Aging by Nicole Callihan



"Reading Nicole Callihan’s Aging is like walking a labyrinth: each poem takes the reader closer to the center of self-reflection before journeying back out into the world. This deeply meditative collection is grounded in the body—the ways it fails us and our shame—and the small joys of being alive. Though the poet asks, “What else can I offer,” ultimately she affirms, “This must be enough,” where enough is sometimes sufficient and sometimes too much. These poems do not promise a panacea for aging; they “tilt toward meaningfulness” and ask for reprieve."
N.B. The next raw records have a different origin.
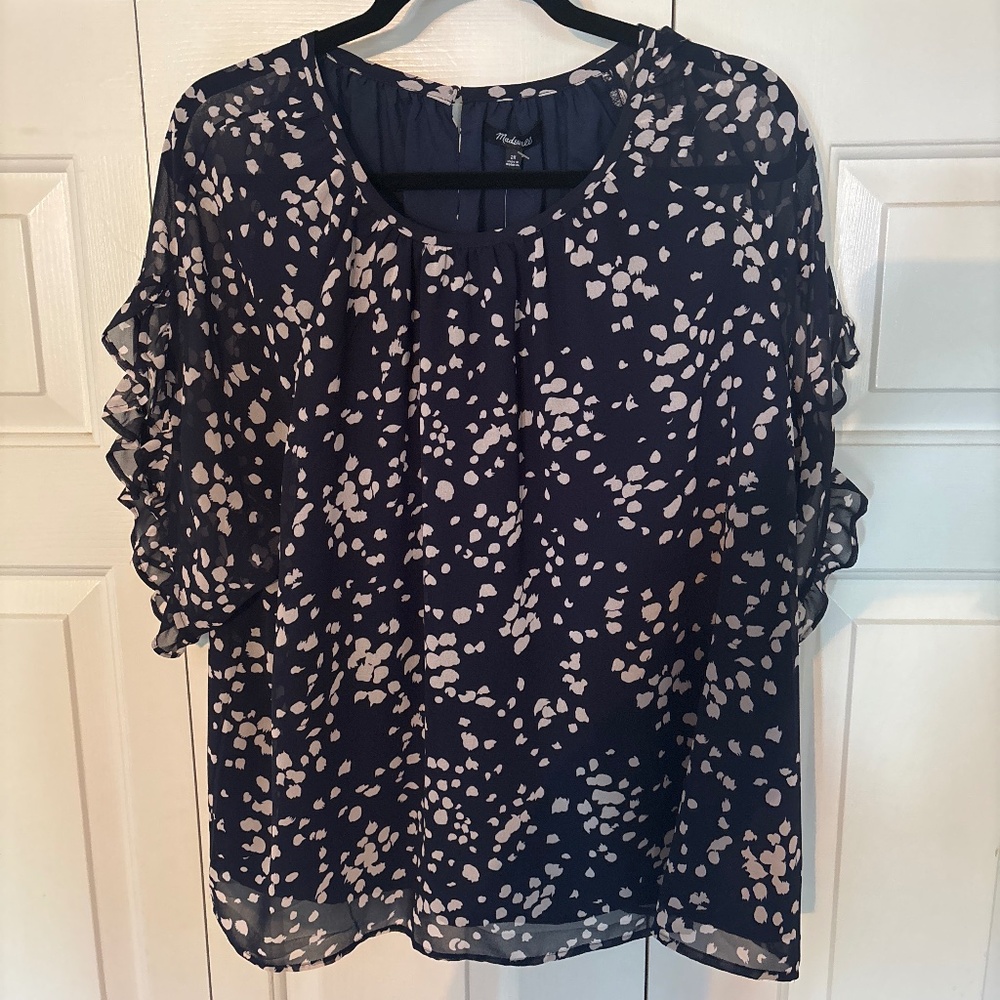 Madewell Navy Ruffle Blouse 2x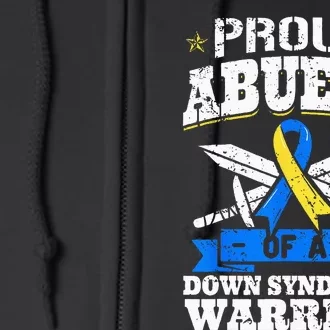 Proud Abuela Of A Down Syndrome Warrior Trisomy 21 Grandma Full Zip Hoodie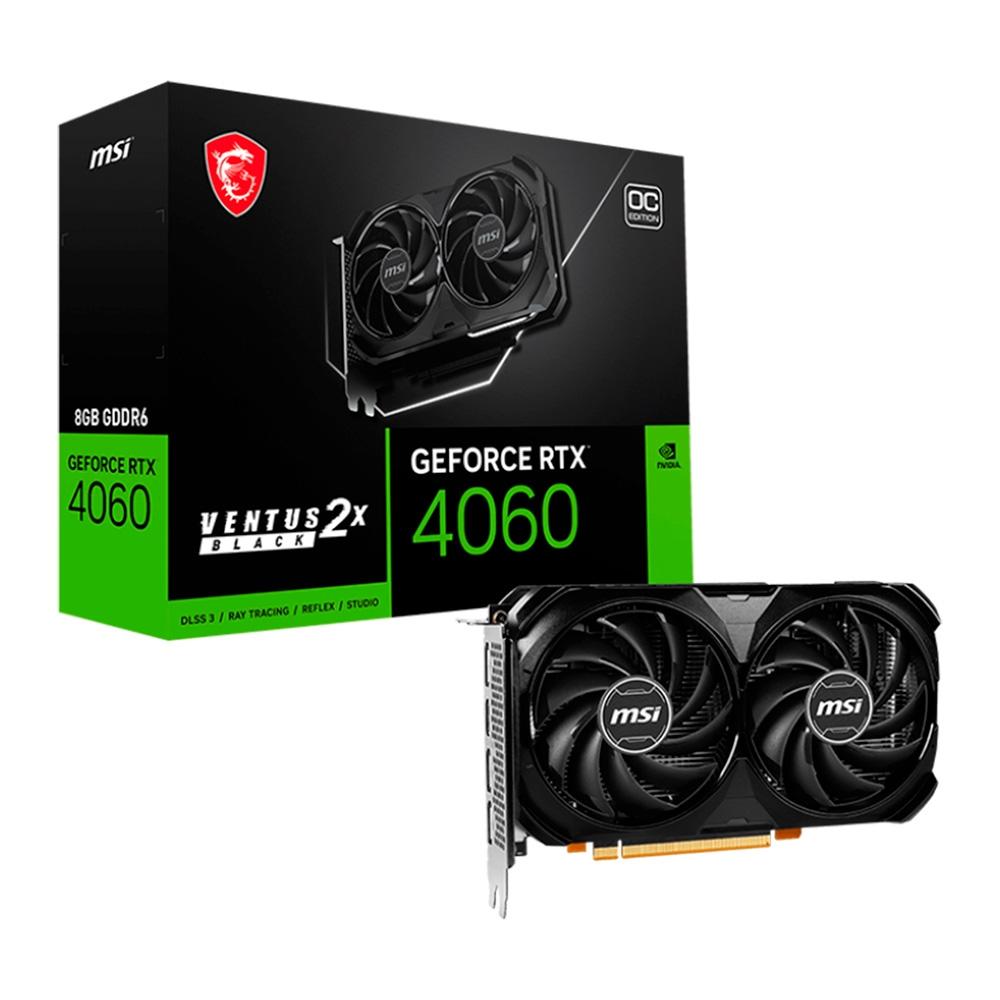 Placa de Vídeo RTX 4060 VENTUS 2x Black OC MSI NVIDIA GeForce, 8GB GDDR6, DLSS, Ray Tracing na KaBuM!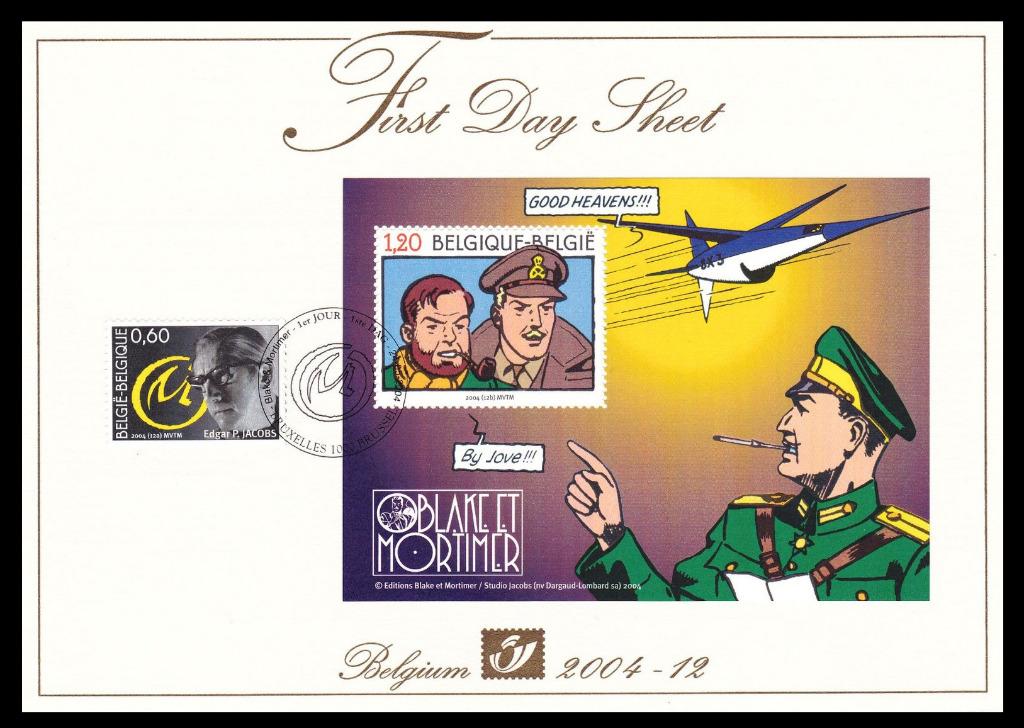 First Day Sheet Blake & Mortimer (Stripboek - Jacobs), Verzenden, 1e dag stempel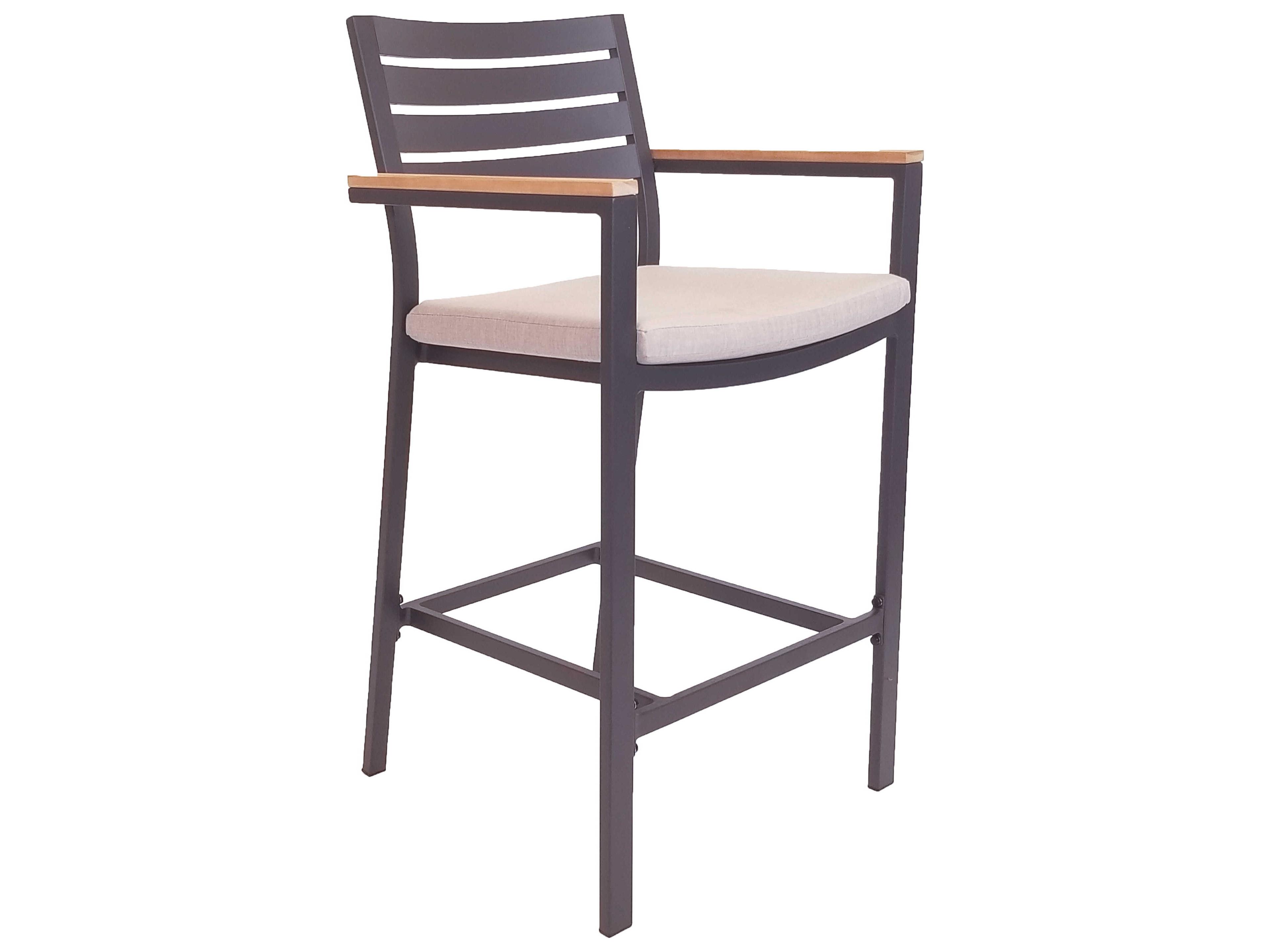 Kettler Elba Charcoal Teak Cast Silver Aluminum Cushion Bar Set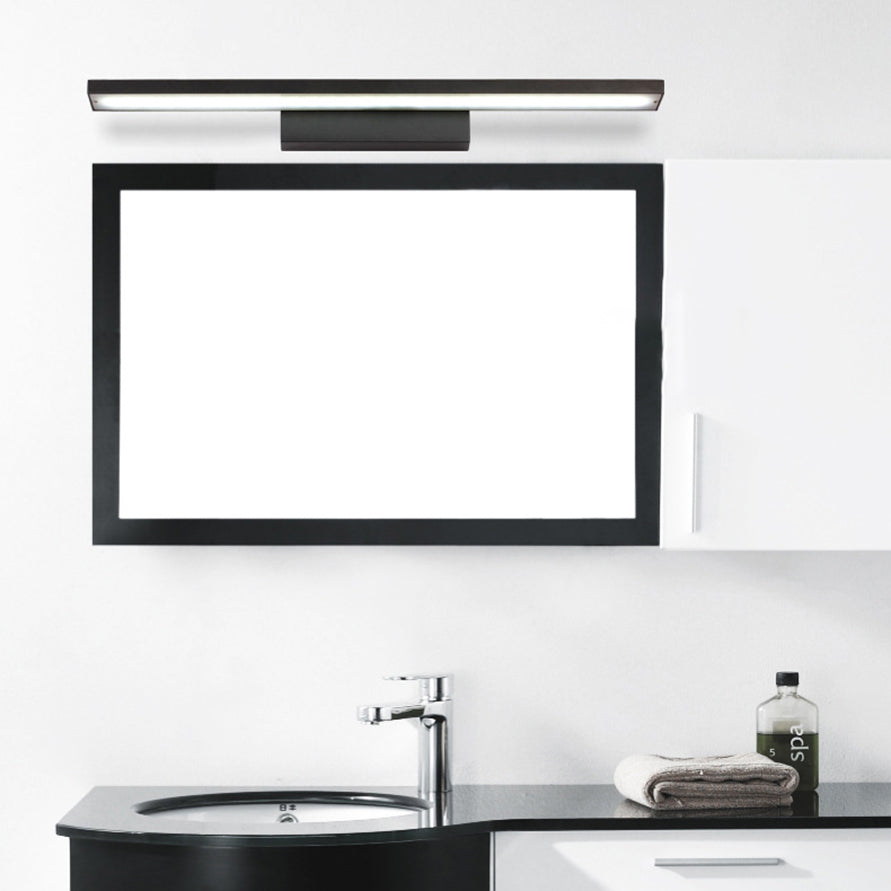 Schwarz/Weiß Slim Vanity Lampe mit rechteckigem Schirm Einfaches 16"/23.5" W LED Acryl Wandleuchte über Spiegel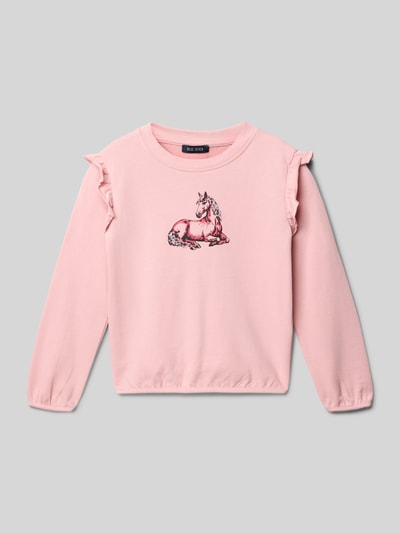 Productfoto, roze Sweatshirt mit Motiv-Stitching van Blue Seven van pure katoen, regular fit, met ronde hals en eenhoornmotief, zachte textuur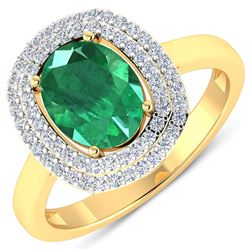 Natural 1.93 CTW Zambian Emerald & Diamond Ring 14K Yellow Gold - REF-80R9F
–Emari DiGiorgio, author of Girl Torpedo and The Things a Body Might Become

"Nicole Callihan’s chapbook, Aging, takes the reader on an exquisite and magical journey. Her poems catch snippets of a life in motion, while repetition serves as an effective thread, connecting, unwrapping and surprising us along this journey. The mood of these poems is delightfully unpredictable. In a nod to aging, she tells us in one line “I keep wandering to graves” yet, a few lines down, in the same poem, Callihan shares, “I hope at least to keep my teeth” and I imagine the poet delivering this line to us deadpan. These poems are kaleidoscopes, each reading reveals a secret and unexpected nuance. Nature and family and musings on life and death all take center stage here. Callihan’s language is delicious. When she offers up the alliteration “I fickle and fume and finger the flowers” the reader can’t help but savor how her words and images roll off the tongue. She leaves us wanting more. Aging is a guidebook you will find yourself returning to again and again."